▶ _Exercise brief_
Pictures aside, reproduce exactly and only the lines below, starting at the one containing "Venus Embellished Neckline Top in Red" and ending at the last line.
--- START ---
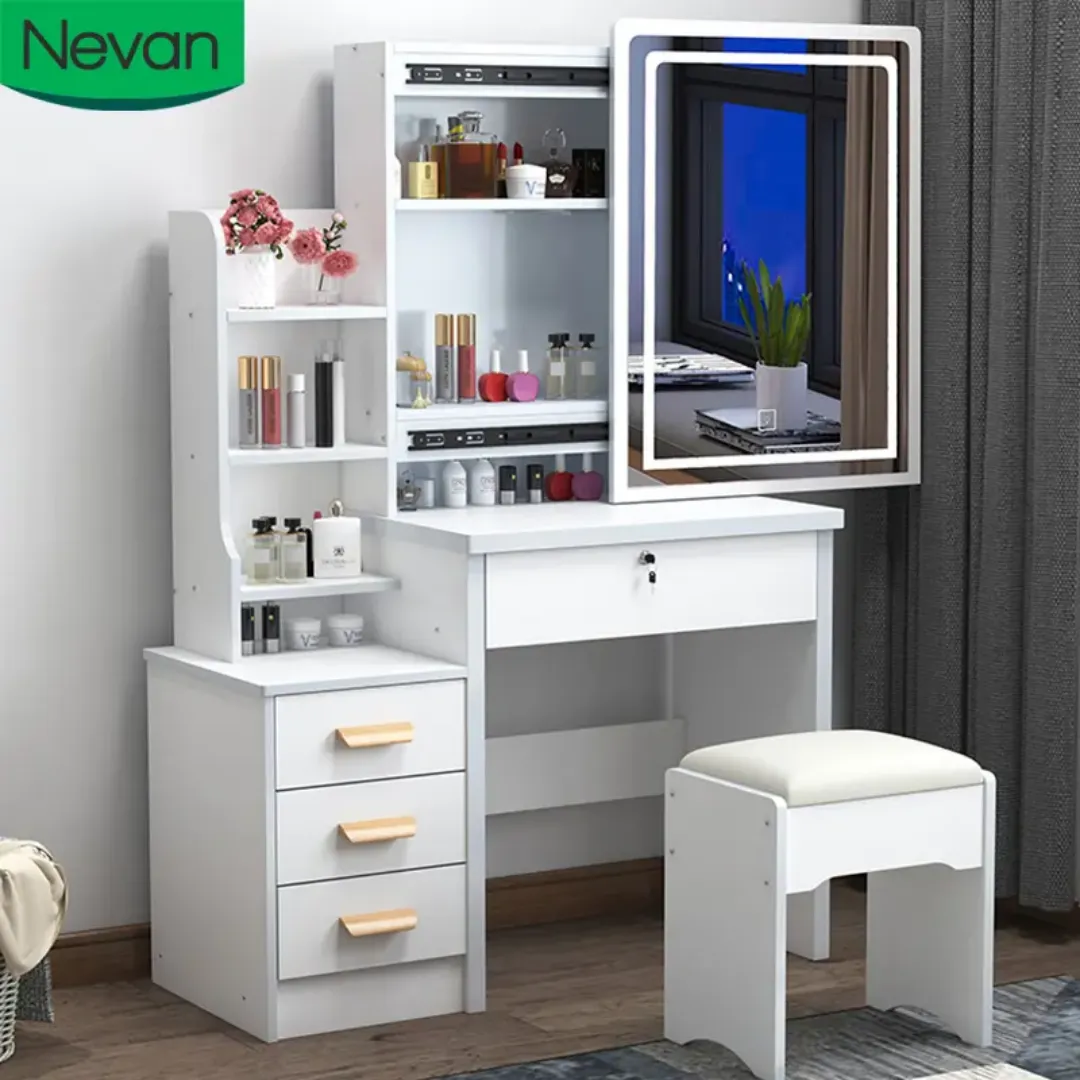 Coiffeuse de Maquillage Moderne avec Miroir LED et Rangements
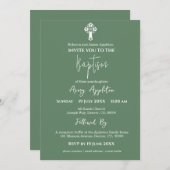 Uitnodiging Bloemenkruis Doop varen Groen (Voorkant / Achterkant)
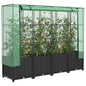 Canteiro elevado com cobertura de estufa estilo rattan 160x40x138 cm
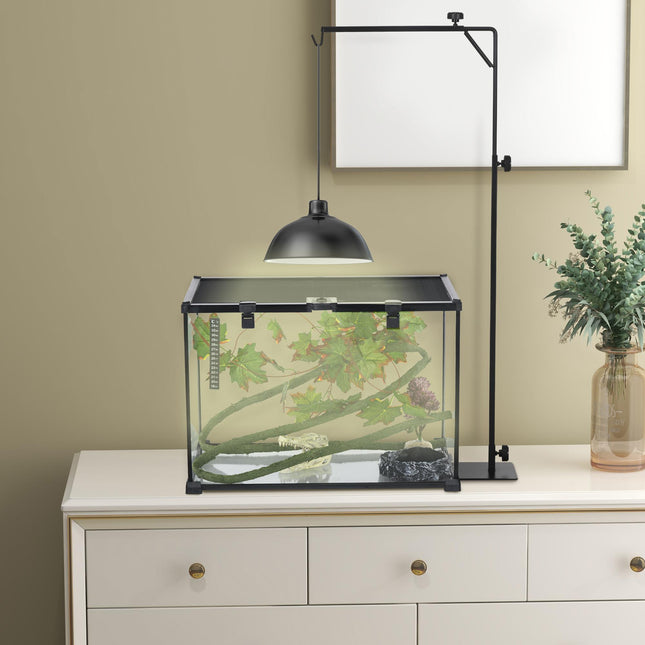 Adjustable 86-129cm Reptile Lamp Stand Holder with Hook and Base - Black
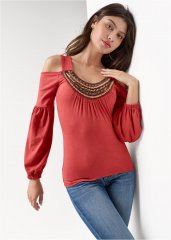 Venus Embellished Neckline Top in Red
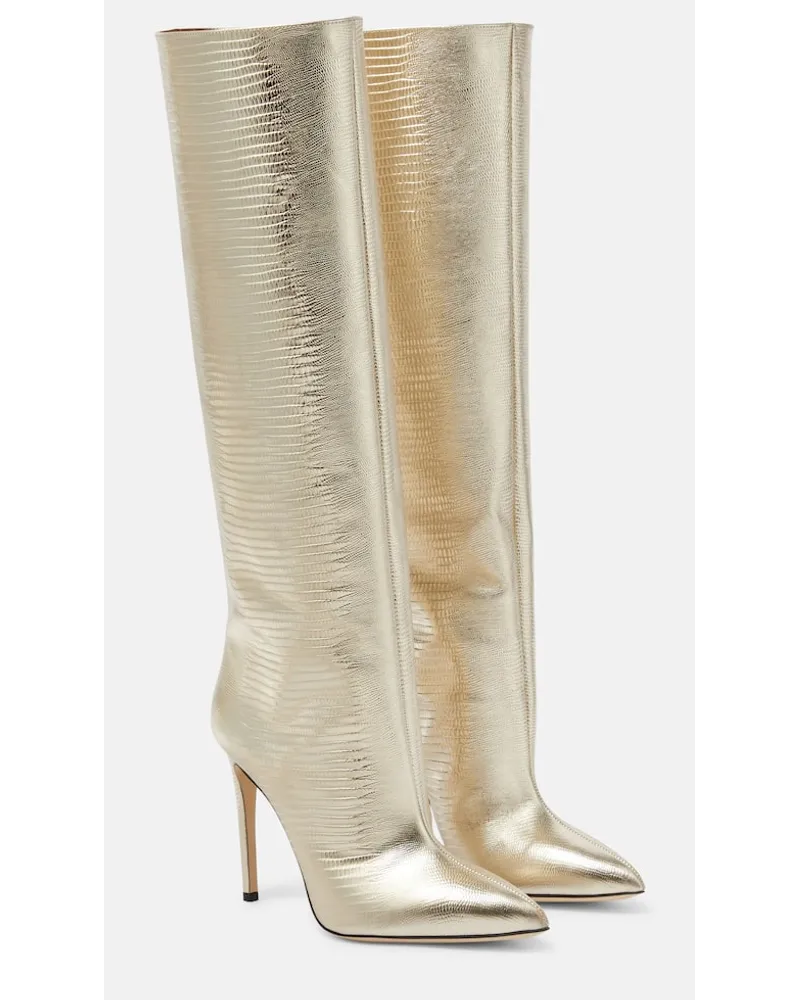 Paris Texas Stiefel aus Metallic-Leder Silber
--- END ---
▶ _Answer box_
 Venus Embellished Neckline Top in Red
 Paris Texas Stiefel aus Metallic-Leder Silber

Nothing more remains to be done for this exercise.